=== DATA SEGMENT ===

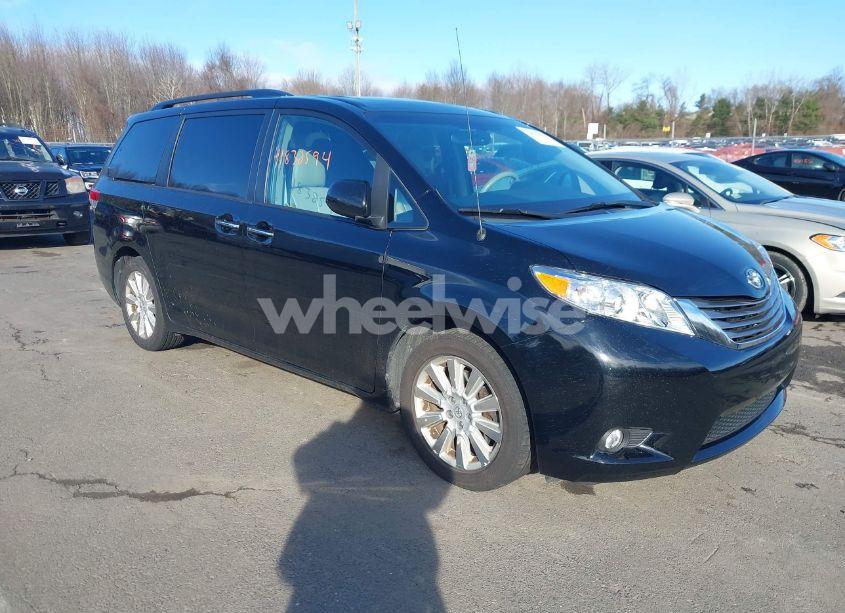 2013 Toyota Sienna XLE/LIMITED (VIN 5TDDK3DC0DS067993) main photo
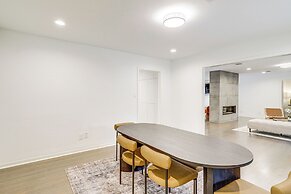 Spacious Houston Home w/ Pool - Near The Galleria!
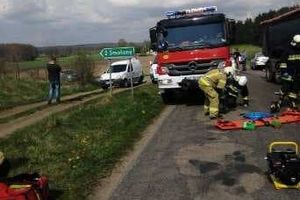 AKTUALIZACJA. Kierowca  samochodu osobowego zginął w wypadku. Poszkodowana pasażerka zmarła w szpitalu w Olsztynie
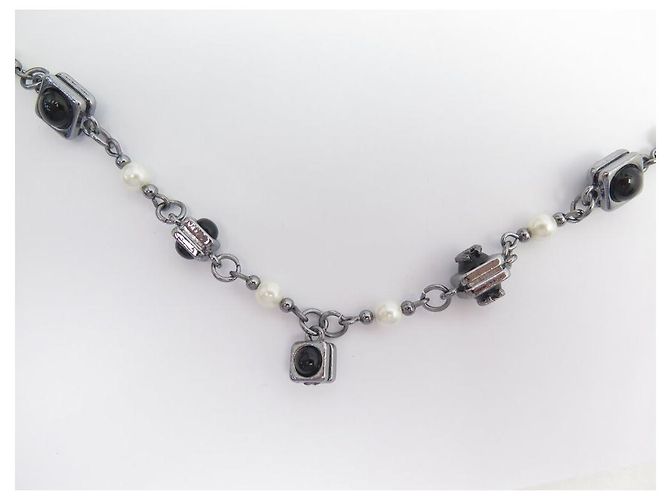 COLLANA CHANEL SAUTOIR PERLE NERE E BIANCHE LOGO CC 120 CM Argento - vista 9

===

Give back the data exactly, with no images.

 2013 Toyota Sienna XLE/LIMITED (VIN 5TDDK3DC0DS067993) main photo
 Spacious Houston Home w/ Pool - Near The Galleria!
 AKTUALIZACJA. Kierowca  samochodu osobowego zginął w wypadku. Poszkodowana pasażerka zmarła w szpitalu w Olsztynie
 COLLANA CHANEL SAUTOIR PERLE NERE E BIANCHE LOGO CC 120 CM Argento - vista 9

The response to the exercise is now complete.